Repeat the listing word for word. Leave every picture out.
------ Supplied material ------
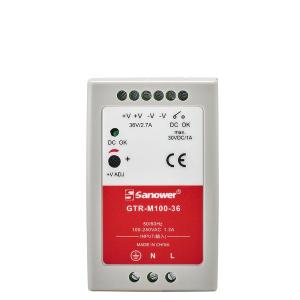 GTRM10036商品缩略图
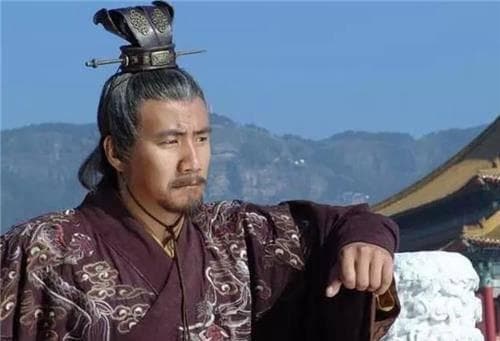 朱元璋靠郭子兴发家，那朱元璋当上皇帝后，如何对待郭家后人？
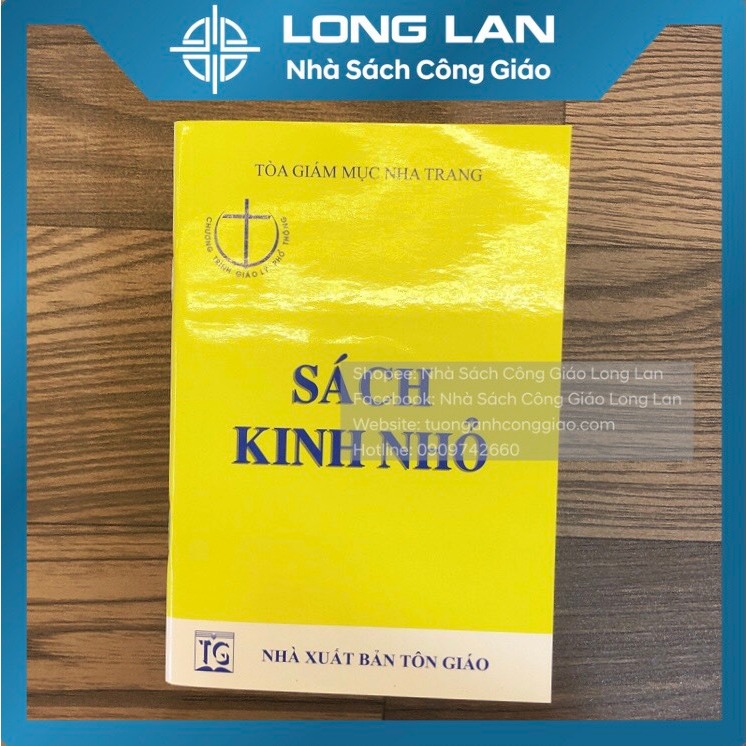 KINH VINH-KINH MÂN CÔI-KINH MẸ HCG-KINH NHỎ-KINH VINH-MẶC KHẢI-CHẦU THÁNH THỂ-NGẮM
------
Response to this exercise —
 GTRM10036商品缩略图
 朱元璋靠郭子兴发家，那朱元璋当上皇帝后，如何对待郭家后人？
 KINH VINH-KINH MÂN CÔI-KINH MẸ HCG-KINH NHỎ-KINH VINH-MẶC KHẢI-CHẦU THÁNH THỂ-NGẮM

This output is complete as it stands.